Bada painted this one fish and no other, then put his name to the paper.

He had perished long ago, but he was still alive. All he feared now was the drought, when the ink no longer flowed and life had been worn down to nothing.

That is how he saw himself.

Fish

 

 

47
As rubbing the ink was increasingly
becoming
a strain, Bada would sometimes just make movements with the dry brush.

And yet he painted every day, even if no pictures were produced.

He was not yet satisfied with his art; he wanted finally to do away with the chattiness of his earlier pictures.

Now he used only Pan Gu’s ink, albeit very thriftily.

How many more strokes could he manage before the last of the ink had been worn away? Innumerable?

Truly, he thought, it is no mere empty saying that ink wears the man down and not the other way round.

Deep night, the oil lamp was smoking.

The sound of heavy rain, the wind rattling the window.

He could not find sleep. He thought of the fine,
polished
jade clasps in his wife’s hair.

Why did this memory never grow old?

 

48
Or he would dip the brush into a bowl with clean water and paint invisible figures on the paper.

He had set himself one final goal.

He wanted to paint flowing water.

For hours he practised with only the brush and no ink, until his arm hurt. He began in the upper
right-hand
corner, bringing the paintbrush downwards and describing a long curve to the left while reducing the pressure on the brush. Then he let the stroke peter out by slowly lifting the brush and drawing it towards his chest. At the point where the line turned to the left he started a second line which he took downwards,
veering
slightly to the right, then let it run parallel to, and below, the course of the first one, before joining the end of both strokes with a semicircle.

When he had taught his hand these three movements, he put down his brush and for several days carried them out just using his fingers on the blank paper.

He spread out many pieces of paper on his desk. At night, in the darkness, he dipped the tip of his middle finger into a bath of ink and let his finger execute the three curved strokes, without being able to see the traces of ink in the darkness.

He continued like this all night long.

When the first light of morning lit up the desk, a shoal of fish appeared which vanished into the depths of the room.

A feeling of great calm flowed through Bada. Slower than ever, he rubbed the ink in the water until he had the right degree of blackness. He dipped the paintbrush and wiped the drops of ink on the peach stone. He closed his eyes and executed the strokes several times over in his mind before putting brush to paper.

Finally, his eyes still half closed in deep
concentration
, from his wrist he let the brush paint a curve to the left, starting as a broad and watery line because of the pressure he applied, then becoming thinner as he lifted the brush. He went over this curve again, just a touch below, and at the end of the first brushstroke he inserted a dash in the form of a pointed sail and, where the second line ran out, a small crescent whose concave side arched to the left.

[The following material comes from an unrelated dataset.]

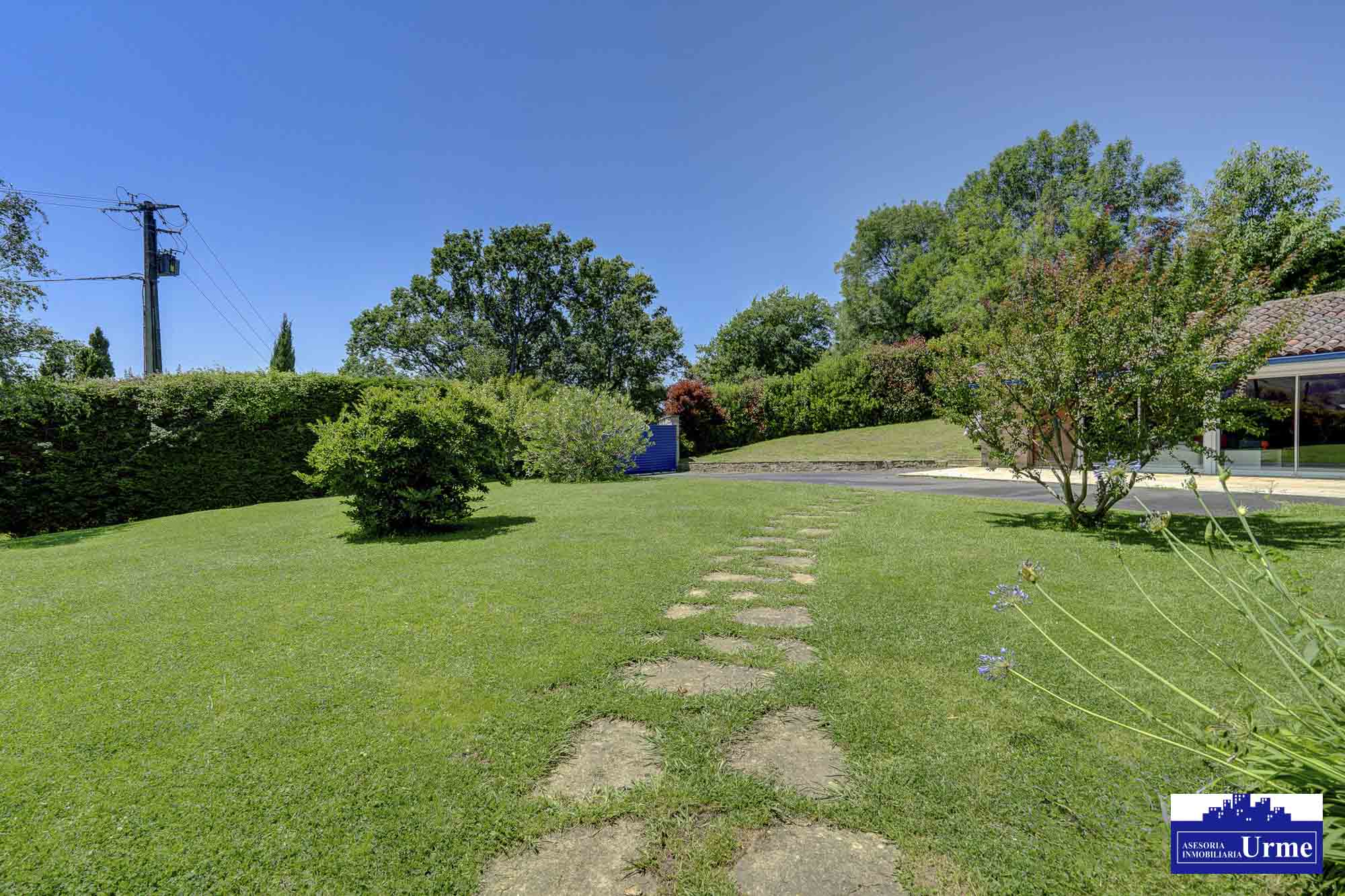 En Urrugne Espectacular villa individual con piscina climatizada y vistas panorámicas a las montañas. A pocos minutos de la frontera.Un sueño hecho realidad! En Urrugne Espectacular villa individual con piscina climatizada y vistas panorámicas a las montañas. A pocos minutos de la frontera.Un sueño hecho realidad!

From the lower point of the crescent he drew two parallel semicircles, one just below the other, reaching to the end of the higher first line. Finally he shaded the narrow white strip between the two semicircles and planted two fat dots to the right and left of the inner edge of the curve.

It had all happened in a few seconds.

Then he put his brush aside, stuck the picture on the wall, and wandered out of the city, up a mountain.

He recalled the master’s words.

If the hand is supple and agile, the picture will be too, and it will move in various directions. The picture does not only show the movement of your hand, it is a reflection of its dance. If the hand moves with speed, the picture acquires vitality; if it moves slowly, the picture acquires weight and intensity. The brush guided by a hand of great talent creates things that the mind cannot follow, which transcend it. And if the wrist moves with the spirit, the hills and streams reveal their soul.

When he returned that evening from his walk, the catfish on the wall looked at him with its tiny eyes.

Bada saw the water and all of a sudden his hand seemed to be a fin.